*What to produce:* First find the line with "Білий Мерседес Sprinter, об'ємом", then reproduce it and all following lines of the data to the end, exactly and with no pictures, adding nothing.

*Data excerpt:*

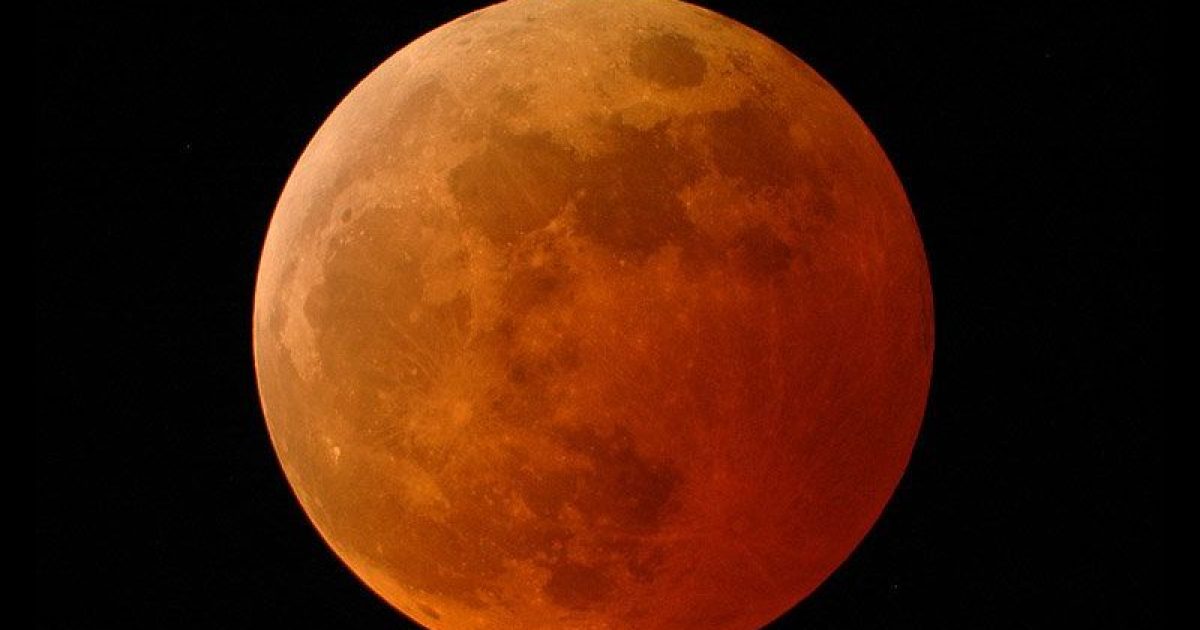 Co znamená když je červený Měsíc?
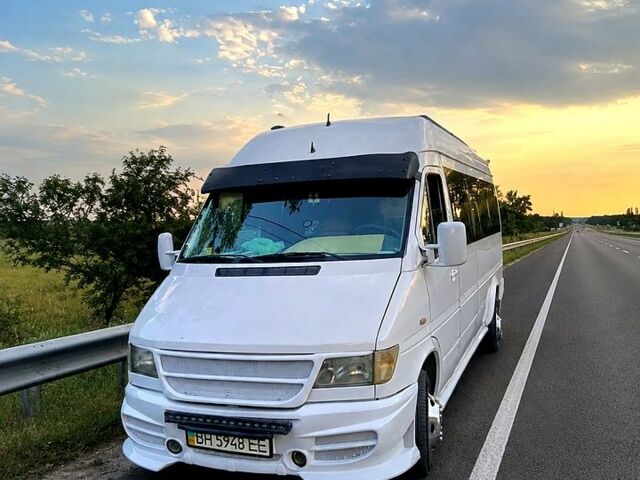 Білий Мерседес Sprinter, об'ємом двигуна 2.9 л та пробігом 0 тис. км за 10000 $, фото 1 на Automoto.ua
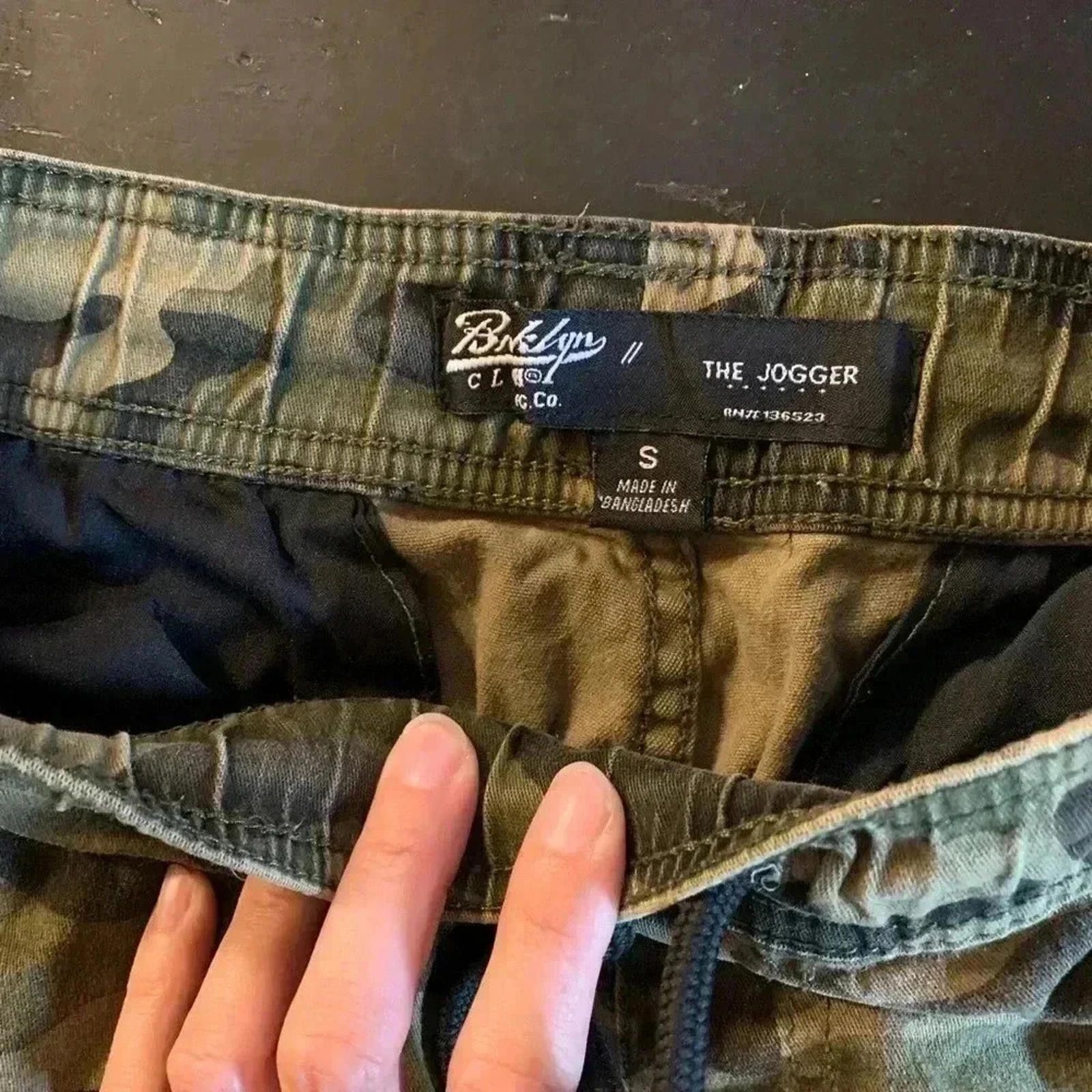 Designer Camo cargo pants Size 28" / US 6 / IT 42 - 2 Thumbnail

*Output of the task:*
 Білий Мерседес Sprinter, об'ємом двигуна 2.9 л та пробігом 0 тис. км за 10000 $, фото 1 на Automoto.ua
 Designer Camo cargo pants Size 28" / US 6 / IT 42 - 2 Thumbnail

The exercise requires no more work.